Loss

I lost another friend to cancer last week. Shelley was a beautiful woman and she fought gallantly to the very end. I saw her a few weeks ago, when her liver function was failing. For me, it was just weeks after Louise’s death, so the pale translucent skin and sunken eyes spoke volumes. Yet her smile was unmistakable, her laughter like a song. I took her a shirt that I felt fit her indomitable spirit. On the front it said, “Got Hope?” and on the back, “I Do.” Knowing that her battle was intensifying did not decrease her hope. On the contrary, it strengthened it, because her hope was not in treatment, or drugs, or even doctors. Her hope was in the love of her savior, and knowing that either way…healing here and now, or healing in his arms in heaven…that she would beat cancer. She was willing to rest and allow whichever way God deemed his way, to play out. Having lost her mom to breast cancer, she was familiar with how this journey could end. She knew going into it that though she was only in her thirties, cancer doesn’t age discriminate. She continued on with her life, working, going to school, and fighting her medical battle for five years. As with all cancer journeys, she had triumphant days and devastating ones. She chose to live her life focused on her future goals of bringing healing to others through counseling. She didn’t give that up, no matter what because her hope was in life lived.

Those of us who knew her, know that she is worshiping at the throne now. It is a comfort to picture her whole and fully healed, even as we wrestle with God that the outcome is not what we wanted. Grief is a fickle dance partner. Just when you feel you are spinning away it pulls you back into its arms. And so it will go, for time and seasons. The dealing is a head on matter, which cannot be avoided or ignored. It must be felt at the deepest level, through the tears, heartache, and past baggage that it drudges to the surface. Ultimately, it is cleansing. Like any good song, it resolves, leaving the feeling of having completed its work. Not that the scar disappears…nope, the scar is raw and painful for a long while before healing over into a visible reminder of the bitter-sweetness that is life. Always a scar, until we are reunited with our loved ones in the future.

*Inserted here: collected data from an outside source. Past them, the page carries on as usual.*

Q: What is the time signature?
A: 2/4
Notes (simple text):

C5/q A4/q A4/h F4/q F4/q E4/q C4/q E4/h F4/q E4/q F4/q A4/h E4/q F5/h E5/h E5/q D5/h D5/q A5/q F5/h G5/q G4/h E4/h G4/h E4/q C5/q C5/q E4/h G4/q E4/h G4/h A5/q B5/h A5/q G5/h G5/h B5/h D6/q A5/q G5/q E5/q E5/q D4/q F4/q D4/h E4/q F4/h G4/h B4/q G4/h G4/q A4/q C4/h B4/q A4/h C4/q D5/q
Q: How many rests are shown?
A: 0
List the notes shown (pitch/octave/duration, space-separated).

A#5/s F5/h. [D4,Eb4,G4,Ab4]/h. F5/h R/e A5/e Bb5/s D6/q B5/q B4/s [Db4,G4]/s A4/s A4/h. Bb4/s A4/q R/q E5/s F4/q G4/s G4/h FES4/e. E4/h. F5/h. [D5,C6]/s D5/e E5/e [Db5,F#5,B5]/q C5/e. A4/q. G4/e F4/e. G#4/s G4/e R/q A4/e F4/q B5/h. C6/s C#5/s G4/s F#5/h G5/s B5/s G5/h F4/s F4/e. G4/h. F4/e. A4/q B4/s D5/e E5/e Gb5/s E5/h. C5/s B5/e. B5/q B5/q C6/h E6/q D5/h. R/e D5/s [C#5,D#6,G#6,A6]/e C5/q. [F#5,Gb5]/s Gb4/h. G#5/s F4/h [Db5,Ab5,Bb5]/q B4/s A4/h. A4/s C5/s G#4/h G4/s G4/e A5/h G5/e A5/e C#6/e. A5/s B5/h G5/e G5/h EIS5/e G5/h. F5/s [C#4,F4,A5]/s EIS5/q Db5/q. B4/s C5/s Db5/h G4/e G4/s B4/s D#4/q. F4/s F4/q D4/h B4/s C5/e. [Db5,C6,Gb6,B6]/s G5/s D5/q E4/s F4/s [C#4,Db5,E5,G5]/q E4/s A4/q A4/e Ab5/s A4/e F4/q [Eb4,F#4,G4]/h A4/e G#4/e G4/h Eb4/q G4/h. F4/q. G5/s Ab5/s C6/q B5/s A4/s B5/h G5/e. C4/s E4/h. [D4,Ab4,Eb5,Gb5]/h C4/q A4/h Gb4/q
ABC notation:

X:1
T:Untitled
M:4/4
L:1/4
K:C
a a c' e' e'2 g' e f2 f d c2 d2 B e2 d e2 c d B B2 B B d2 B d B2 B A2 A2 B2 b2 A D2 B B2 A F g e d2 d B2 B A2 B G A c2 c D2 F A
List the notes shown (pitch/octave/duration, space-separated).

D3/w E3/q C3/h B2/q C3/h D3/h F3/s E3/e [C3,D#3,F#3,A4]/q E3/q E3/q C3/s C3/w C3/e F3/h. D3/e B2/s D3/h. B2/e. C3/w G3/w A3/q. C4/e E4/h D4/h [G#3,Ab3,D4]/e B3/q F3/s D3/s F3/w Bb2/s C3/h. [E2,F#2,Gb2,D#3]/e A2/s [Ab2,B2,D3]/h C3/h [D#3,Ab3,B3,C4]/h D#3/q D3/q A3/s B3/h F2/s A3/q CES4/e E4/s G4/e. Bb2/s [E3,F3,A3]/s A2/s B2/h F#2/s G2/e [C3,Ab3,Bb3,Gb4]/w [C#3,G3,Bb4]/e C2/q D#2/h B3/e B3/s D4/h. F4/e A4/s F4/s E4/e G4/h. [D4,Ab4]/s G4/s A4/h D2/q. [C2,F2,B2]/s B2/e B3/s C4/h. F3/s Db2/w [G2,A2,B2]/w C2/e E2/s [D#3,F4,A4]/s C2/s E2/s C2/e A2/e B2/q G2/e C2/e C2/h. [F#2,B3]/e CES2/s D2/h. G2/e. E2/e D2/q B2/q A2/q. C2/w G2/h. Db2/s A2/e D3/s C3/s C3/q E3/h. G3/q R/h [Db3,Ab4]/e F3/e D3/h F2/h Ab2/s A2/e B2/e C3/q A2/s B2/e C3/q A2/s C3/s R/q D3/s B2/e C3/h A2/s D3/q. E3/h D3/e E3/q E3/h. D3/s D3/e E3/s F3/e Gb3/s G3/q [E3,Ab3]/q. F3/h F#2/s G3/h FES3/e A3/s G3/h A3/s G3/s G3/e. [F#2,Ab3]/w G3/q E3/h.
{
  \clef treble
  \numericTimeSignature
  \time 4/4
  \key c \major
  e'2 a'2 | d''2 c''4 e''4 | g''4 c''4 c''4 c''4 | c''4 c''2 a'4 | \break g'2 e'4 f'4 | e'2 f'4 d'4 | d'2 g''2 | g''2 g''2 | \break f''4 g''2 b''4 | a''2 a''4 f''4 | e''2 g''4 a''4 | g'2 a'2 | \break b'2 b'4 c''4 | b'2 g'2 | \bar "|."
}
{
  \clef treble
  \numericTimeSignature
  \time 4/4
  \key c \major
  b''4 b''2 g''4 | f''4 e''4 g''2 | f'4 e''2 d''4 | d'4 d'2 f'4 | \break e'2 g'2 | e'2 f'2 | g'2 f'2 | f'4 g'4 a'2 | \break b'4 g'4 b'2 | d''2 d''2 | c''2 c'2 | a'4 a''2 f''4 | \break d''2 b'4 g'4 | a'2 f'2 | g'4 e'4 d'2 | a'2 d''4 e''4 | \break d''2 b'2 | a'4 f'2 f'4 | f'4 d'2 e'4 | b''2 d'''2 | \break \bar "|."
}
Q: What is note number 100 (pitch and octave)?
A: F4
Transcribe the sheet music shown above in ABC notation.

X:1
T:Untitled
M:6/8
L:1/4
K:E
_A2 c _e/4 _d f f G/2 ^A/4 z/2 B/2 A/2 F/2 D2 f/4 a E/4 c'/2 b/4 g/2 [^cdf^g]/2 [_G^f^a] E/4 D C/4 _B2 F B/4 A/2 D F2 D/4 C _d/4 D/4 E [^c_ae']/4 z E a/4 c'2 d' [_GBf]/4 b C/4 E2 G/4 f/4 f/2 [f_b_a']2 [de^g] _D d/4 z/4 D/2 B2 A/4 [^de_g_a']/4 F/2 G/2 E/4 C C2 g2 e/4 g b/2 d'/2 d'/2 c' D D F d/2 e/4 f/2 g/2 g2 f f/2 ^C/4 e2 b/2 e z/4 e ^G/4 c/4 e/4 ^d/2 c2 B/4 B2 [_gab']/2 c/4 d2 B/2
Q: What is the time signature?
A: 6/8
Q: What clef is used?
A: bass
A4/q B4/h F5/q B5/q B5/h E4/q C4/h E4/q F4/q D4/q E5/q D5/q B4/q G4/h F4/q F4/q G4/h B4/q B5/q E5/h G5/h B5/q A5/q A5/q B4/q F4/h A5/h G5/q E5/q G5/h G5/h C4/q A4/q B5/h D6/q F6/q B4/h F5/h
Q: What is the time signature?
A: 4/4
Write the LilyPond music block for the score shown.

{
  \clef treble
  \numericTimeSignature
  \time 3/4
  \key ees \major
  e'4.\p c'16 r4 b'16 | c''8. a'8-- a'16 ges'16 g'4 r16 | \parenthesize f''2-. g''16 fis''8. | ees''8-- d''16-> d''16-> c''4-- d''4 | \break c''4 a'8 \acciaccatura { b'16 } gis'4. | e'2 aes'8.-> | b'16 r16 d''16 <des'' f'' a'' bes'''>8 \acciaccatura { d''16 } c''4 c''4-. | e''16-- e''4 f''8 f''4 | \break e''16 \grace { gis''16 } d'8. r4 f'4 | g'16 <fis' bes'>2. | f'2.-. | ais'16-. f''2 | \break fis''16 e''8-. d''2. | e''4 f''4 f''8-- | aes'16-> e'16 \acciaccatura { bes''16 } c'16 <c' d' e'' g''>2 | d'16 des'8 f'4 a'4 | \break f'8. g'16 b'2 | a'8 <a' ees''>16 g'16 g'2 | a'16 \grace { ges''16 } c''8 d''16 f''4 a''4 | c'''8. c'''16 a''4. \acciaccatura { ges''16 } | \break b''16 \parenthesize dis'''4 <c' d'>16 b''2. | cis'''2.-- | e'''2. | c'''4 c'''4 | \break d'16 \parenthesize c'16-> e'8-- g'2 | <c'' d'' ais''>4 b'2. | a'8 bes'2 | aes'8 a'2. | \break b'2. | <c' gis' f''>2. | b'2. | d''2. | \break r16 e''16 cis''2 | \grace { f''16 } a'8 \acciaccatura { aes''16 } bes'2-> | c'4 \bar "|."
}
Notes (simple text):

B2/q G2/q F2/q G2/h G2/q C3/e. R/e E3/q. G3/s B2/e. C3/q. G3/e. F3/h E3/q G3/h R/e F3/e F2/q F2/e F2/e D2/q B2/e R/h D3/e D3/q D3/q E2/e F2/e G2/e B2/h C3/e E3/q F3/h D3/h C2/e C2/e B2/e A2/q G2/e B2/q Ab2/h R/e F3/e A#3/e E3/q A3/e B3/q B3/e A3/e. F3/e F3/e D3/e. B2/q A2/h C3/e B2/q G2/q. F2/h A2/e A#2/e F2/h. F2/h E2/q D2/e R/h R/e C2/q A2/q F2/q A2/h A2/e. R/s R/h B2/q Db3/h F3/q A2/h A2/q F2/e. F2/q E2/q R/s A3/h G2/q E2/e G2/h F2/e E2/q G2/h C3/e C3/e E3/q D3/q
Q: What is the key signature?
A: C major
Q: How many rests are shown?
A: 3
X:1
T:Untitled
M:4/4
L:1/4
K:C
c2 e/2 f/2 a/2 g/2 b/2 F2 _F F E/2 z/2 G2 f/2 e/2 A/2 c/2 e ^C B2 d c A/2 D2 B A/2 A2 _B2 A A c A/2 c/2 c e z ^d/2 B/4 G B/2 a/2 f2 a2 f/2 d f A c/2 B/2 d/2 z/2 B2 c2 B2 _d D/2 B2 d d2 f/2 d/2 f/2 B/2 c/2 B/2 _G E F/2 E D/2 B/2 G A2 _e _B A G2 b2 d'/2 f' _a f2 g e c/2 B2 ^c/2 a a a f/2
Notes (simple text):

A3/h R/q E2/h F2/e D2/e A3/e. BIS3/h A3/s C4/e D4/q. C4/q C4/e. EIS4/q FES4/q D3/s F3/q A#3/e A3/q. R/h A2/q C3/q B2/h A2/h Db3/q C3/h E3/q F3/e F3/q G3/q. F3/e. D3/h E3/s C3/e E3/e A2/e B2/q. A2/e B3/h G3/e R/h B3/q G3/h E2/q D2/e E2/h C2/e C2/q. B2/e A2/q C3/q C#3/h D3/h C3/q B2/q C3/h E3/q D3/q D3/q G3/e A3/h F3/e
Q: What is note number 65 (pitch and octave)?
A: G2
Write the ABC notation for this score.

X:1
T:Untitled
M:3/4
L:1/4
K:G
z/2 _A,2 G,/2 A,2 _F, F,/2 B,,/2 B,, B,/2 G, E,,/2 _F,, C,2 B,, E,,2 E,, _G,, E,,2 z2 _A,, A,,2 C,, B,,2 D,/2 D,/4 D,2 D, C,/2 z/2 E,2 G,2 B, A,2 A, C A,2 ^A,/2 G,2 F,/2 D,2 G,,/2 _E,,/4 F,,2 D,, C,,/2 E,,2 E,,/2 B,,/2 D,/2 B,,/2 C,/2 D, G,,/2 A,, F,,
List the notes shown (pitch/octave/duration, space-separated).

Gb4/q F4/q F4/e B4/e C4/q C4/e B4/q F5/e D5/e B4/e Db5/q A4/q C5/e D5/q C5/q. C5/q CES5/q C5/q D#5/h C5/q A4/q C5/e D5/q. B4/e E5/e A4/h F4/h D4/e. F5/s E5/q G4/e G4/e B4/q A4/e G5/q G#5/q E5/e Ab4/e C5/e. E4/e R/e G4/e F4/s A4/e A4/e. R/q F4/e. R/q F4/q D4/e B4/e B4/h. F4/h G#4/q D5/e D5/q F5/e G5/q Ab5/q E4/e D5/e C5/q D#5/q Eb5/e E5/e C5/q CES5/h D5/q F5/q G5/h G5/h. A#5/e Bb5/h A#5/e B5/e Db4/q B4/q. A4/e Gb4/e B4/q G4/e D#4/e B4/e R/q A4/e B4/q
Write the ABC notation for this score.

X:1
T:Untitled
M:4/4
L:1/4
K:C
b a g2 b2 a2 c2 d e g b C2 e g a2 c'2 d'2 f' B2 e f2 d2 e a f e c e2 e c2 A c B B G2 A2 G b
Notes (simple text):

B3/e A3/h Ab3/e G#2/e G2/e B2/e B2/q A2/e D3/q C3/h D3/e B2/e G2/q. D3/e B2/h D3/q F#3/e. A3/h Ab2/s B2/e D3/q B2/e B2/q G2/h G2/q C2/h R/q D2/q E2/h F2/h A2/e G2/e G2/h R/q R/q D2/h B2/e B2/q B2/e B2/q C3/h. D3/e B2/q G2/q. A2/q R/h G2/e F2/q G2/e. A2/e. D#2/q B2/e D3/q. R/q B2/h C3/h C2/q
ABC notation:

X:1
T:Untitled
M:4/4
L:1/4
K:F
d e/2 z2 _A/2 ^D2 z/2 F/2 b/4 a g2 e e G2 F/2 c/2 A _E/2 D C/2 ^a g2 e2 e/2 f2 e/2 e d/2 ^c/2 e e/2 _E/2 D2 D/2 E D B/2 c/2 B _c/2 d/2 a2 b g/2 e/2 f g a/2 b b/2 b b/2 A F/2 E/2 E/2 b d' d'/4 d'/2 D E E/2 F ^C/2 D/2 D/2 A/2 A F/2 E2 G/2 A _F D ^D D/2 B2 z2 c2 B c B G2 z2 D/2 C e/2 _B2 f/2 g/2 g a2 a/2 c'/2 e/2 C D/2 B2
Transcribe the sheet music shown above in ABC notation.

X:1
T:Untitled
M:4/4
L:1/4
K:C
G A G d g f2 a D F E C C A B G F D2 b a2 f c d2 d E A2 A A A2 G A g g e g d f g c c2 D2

However, scars are merely seeds of compassion. Without them, we may not feel for others who are in pain. We cannot experience empathy without the jagged edges they leave behind. The God who designed our hearts built a release valve into them through which he pours his love and care for his creation. If we have wept, we know how to weep with others. We cannot help but feel and since we are made in his image…we feel what he feels. He knows grief. He knows the sting that death leaves behind and, best of all; he knows the healing that true life brings. That is our hope.